Dionysus, Euphrates, Oceanus, Psyche and Poseidon had left the depths of mythology to embellish finely the floors and walls of rich Roman villas. Still hiding the footsteps of Helens, Romans and the Byzantines who settled here for the fertility of the Euphrates, Zeugma was also a bridge for trade, communication and correspondence as an important post on the Silk Road starting from Antioch and ending in China. Today, archaeologists are striving to save as much as possible from the Euphrates and transfer one of the magnificent cities of Mesopotamia to the 21st century. And in that sense Zeugma is still maintaining its status as a bridge.
START OF ARCHAEOLOGICAL WORK IN ZEUGMA
The place of the antic city of Zeugma was first discovered by F. Cumont in 1917. In the 70s, J. Wagner conducted a surface work in the site and obtained significant information about the antic city.
The first excavation work in Zeugma, which is an archaeological site of primary importance, was started in 1987 in the South of Belkis Hill by the Gaziantep Museum. During excavations conducted in a rock tomb and its surroundings, many sculptures left by traffickers were found. These sculptures made of limestone and belonging to buried people were transferred to the Gaziantep Museum and are presently exhibited there.
Excavation works carried out in the antic site gained a new dimension with the start of the construction of Birecik Dam on the Euphrates, which was contracted out to an international consortium (Birecik A.S.) in 1993 on built-operate-transfer model. Following studies on the area to be affected by the dam, the Ministry of Culture and Tourism started "urgent excavation and rescue work" in 1992. As a result of this work carried oft by Gaziantep Museum, villas, floor mosaics, frescoes and various other remains were unearthed. Also found during this excavation was a splendid mosaic on the wedding of Dionysus and Ariadne. 2/3 of this mosaic, however, was stolen in 1998.

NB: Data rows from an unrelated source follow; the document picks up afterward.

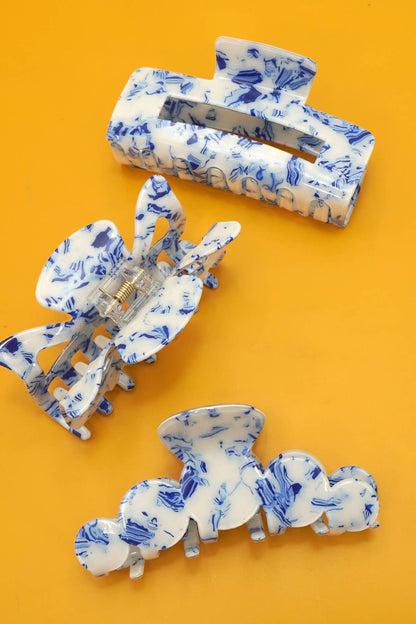 Vintage Toile Porcelain Hair Claw Clip | Blue & White Half Moon Claw Clip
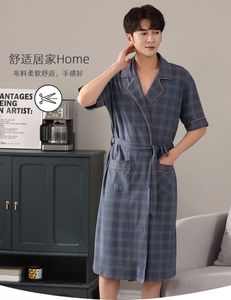 Men&#039;s Short Sleeve Nightgown Summer Thin Plus Size Casual Home Pajamas Mid Length Bathrobe Yu#2022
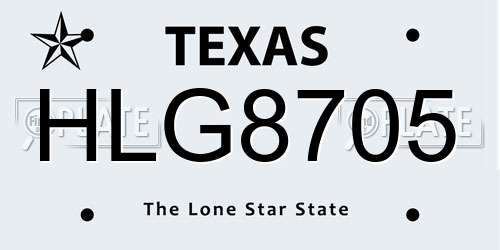 HLG8705 Texas License Plate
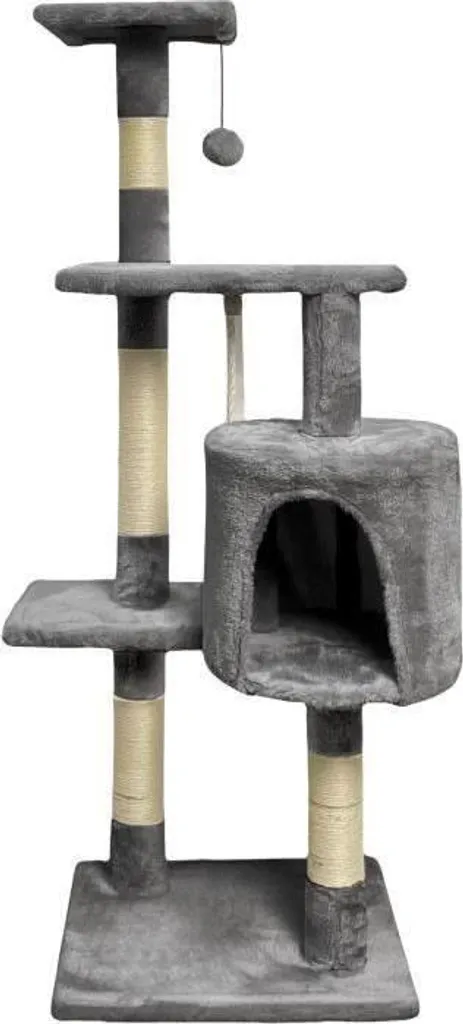 Tiragraffi Paloma Grigio Scuro 114cm | Albero per Gatti con Nicchia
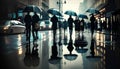 Rainy day in the city, silhouettes of people with umbrellas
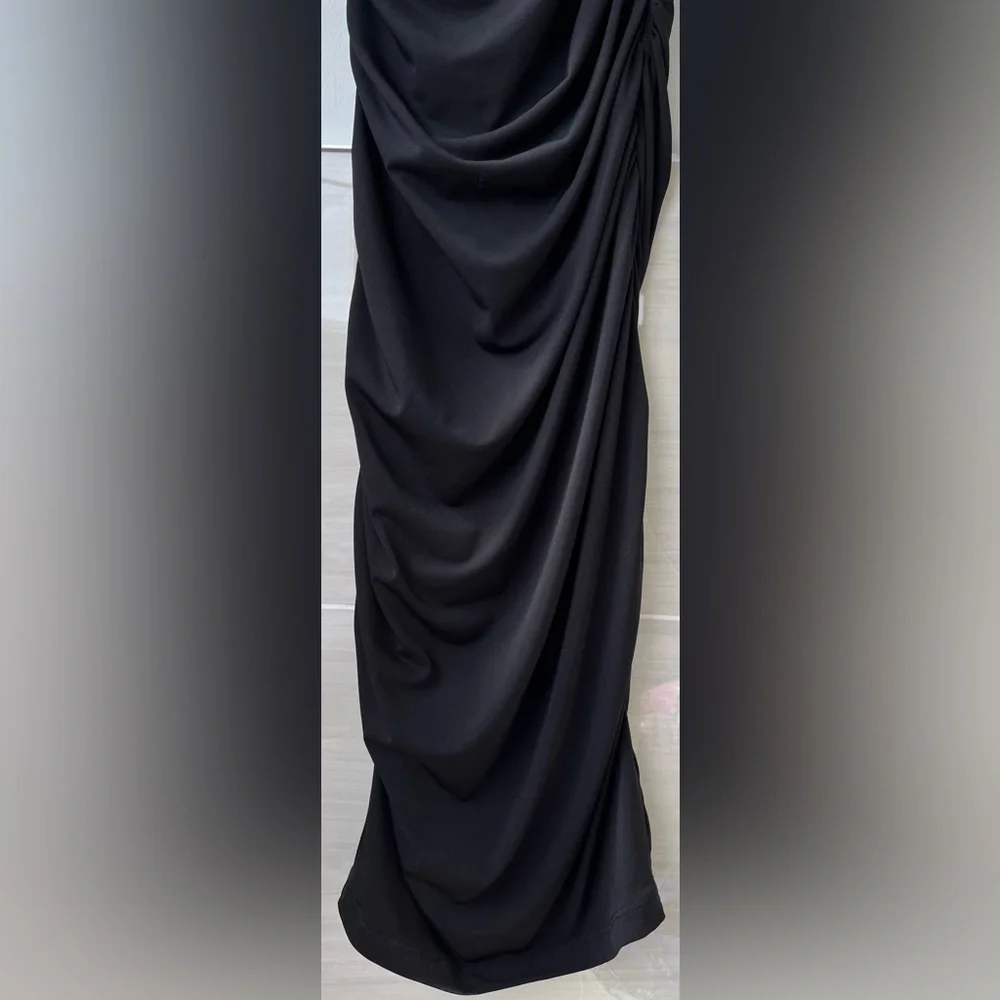 Marciano Knee Length Black One Shoulder Embellished Strap Bodycon Dress - Picture 11 of 14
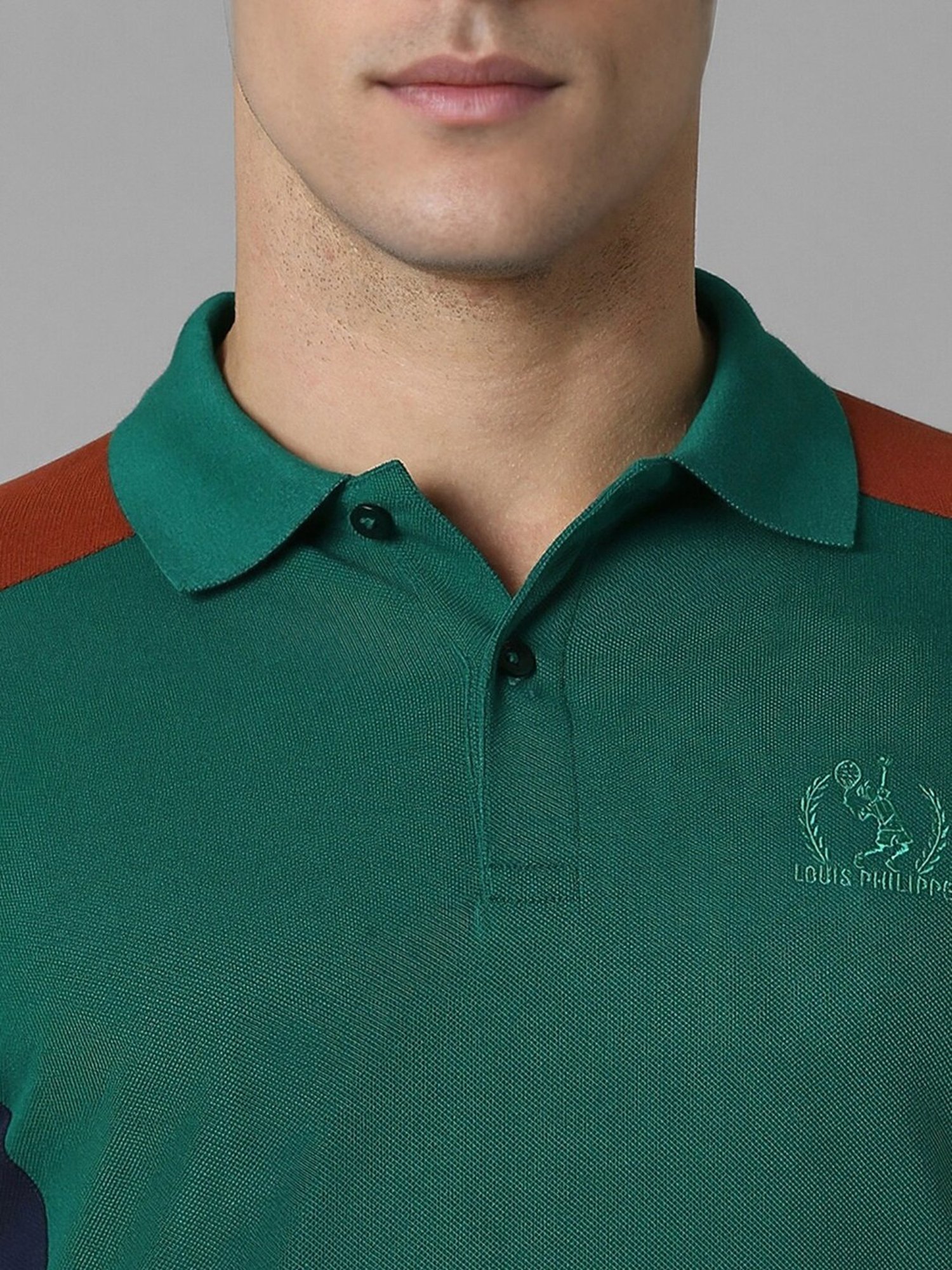 Louis Philippe Green Cotton Slim fit Colour-Block Casual Polo T-Shirt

Upon the start of construction, tomb steles with eagle and basket relieves, a beheaded sculpture and a floor mosaic with goddesses of seasons, which had been found in 1993 and 1994 were removed and transferred to the Museum. In 1993, Prof. David Kennedy from the University of Western Australia joined excavations carried out by the Museum. During his work, Prof. Kennedy found that the floor mosaic of a Roman villa was also displaced by traffickers. Further investigations revealed that the mosaic taken from the site was that of two immortal lovers, Metiox and Partenope and that the mosaic was in the private Menil Collection in Houston, US. Upon the initiatives of the Ministry of Culture and Tourism, the mosaic was returned to Gaziantep Museum in June 2000.
LAUNCHING OF ZEUGMA URGENT EXCAVATION AND RESCUE PROJECT
Since the start of construction works for the dam made the rescue operation more urgent, there emerged a need for a rather large team of experts and considerable funds in order to conduct a scientific rescue work in a very limited time.
Considering this need, the GAP Administration took various initiatives to enlarge the scope of work carried out by the Ministry of Culture and Tourism and to provide funding support. This initiative led to the signing of a protocol with the Packard Humanities Institute (PHI) on 8 June 2000 to financially back up the continuation of excavation and rescue work in the site. This protocol envisaged a funding support of 5 million US dollars.
The multi-national work carried out under this protocol had the following parties: The GAP Administration (overall coordination); Packard Humanities Institute (donor agency); Ministry of Culture and Tourism, General Directorate of Monuments and Museums (authorizing government unit); Gaziantep Museum (supervising unit): Gaziantep Governorate and BIRECIK A.S. (facilitating and contributing parties) and the Oxford Archaeology Unit (as the professional unit managing work at the site).